**Try it**.
Retype every line from the one containing "Colorful Retro Mid" through the last line of the records below, both included; leave out the pictures.

Captioned web images:
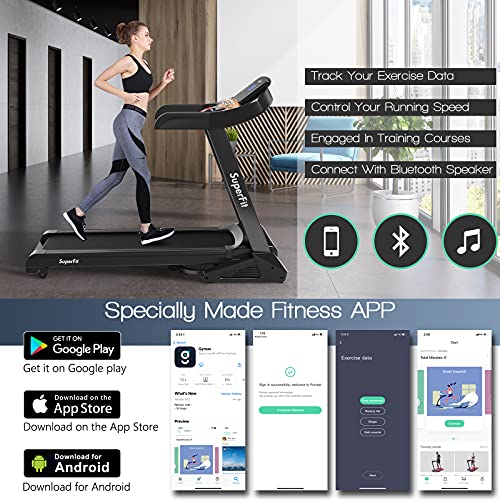 Image of Goplus 3.75HP Folding Treadmill with Incline, Electric Superfit Treadmill w /App Control, 12 Preset & 3 Custom Programs, Blue Tooth Speaker, Heart Rate Monitor, Running Jogging Machine for Home Gym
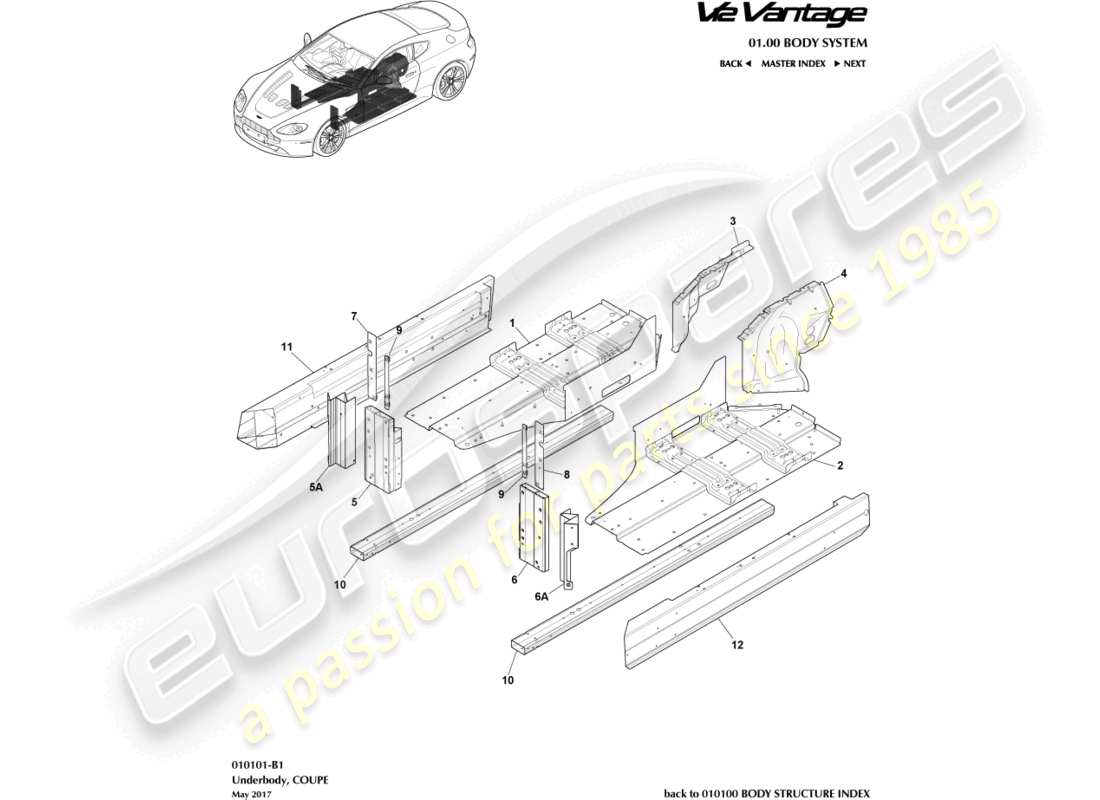 aston martin v12 vantage (2011) underbody, coupe part diagram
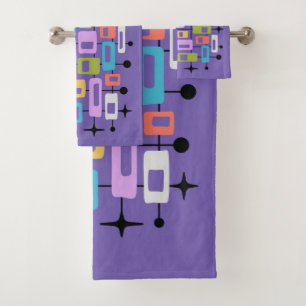 Colorful Retro Mid Century Modern Atomic Abstract Bath Towel Set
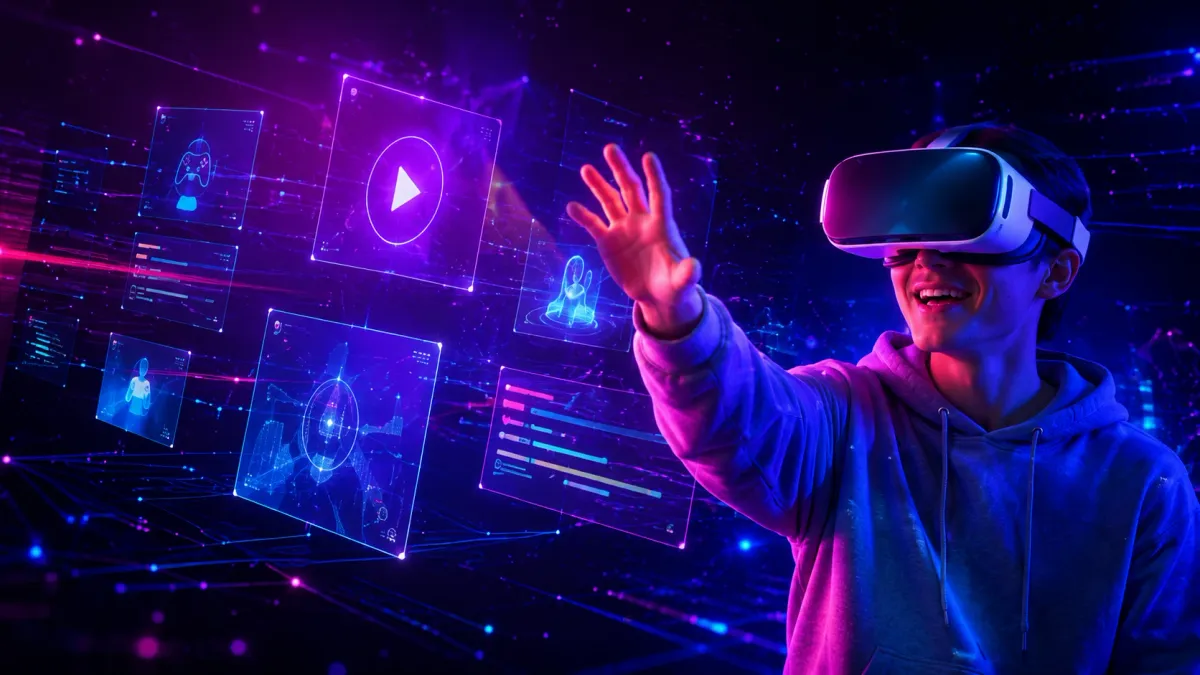 Smiling young person wearing a virtual reality headset with one hand raised towards floating translucent screens showing a video player, a game controller and other apps, against a dark neon background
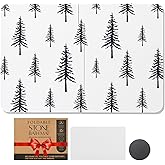 INFISIBLE Black Stone Bath Mat - 24x16 Inch, Fast Absorbent Large Black and White Tree Stone Bath Mats for Bathroom Decor Quick Dry Non-Slip Shower & Bathtub & Drying Mat
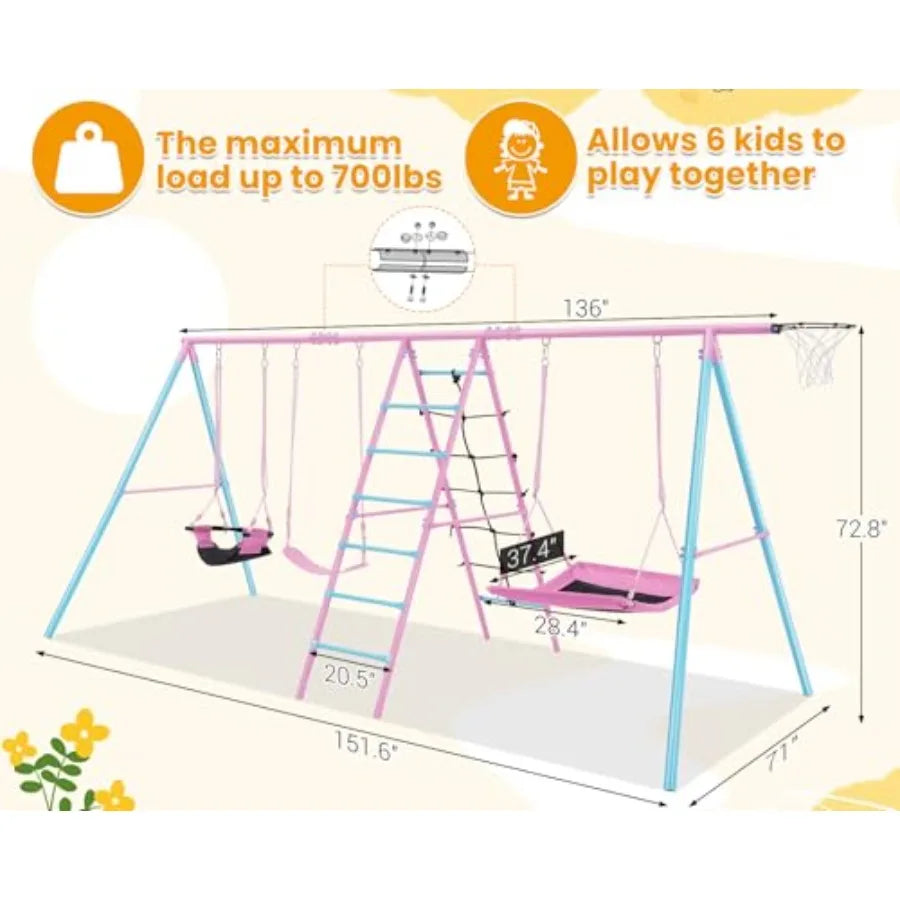 Swing Sets for Backyard 700 lbs - 6 in 1 Multifunction Swing Set Outdoor for Playground Larger Heavy Duty Metal Swing Stand
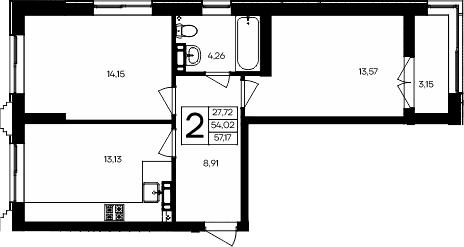 2-комн., 54.02 м²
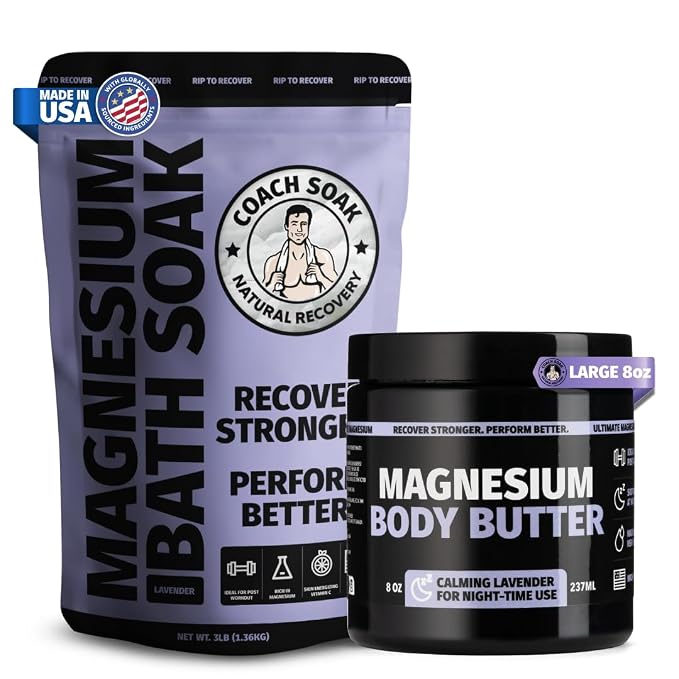 Coach Soak Recovery Bath Soak & Nighttime Magnesium Body Butter Bundle by CoachSoak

**Answer area**.
 Colorful Retro Mid Century Modern Atomic Abstract Bath Towel Set
 Smiling young person wearing a virtual reality headset with one hand raised towards floating translucent screens showing a video player, a game controller and other apps, against a dark neon background
 INFISIBLE Black Stone Bath Mat - 24x16 Inch, Fast Absorbent Large Black and White Tree Stone Bath Mats for Bathroom Decor Quick Dry Non-Slip Shower & Bathtub & Drying Mat
 Swing Sets for Backyard 700 lbs - 6 in 1 Multifunction Swing Set Outdoor for Playground Larger Heavy Duty Metal Swing Stand
 2-комн., 54.02 м²
 Coach Soak Recovery Bath Soak & Nighttime Magnesium Body Butter Bundle by CoachSoak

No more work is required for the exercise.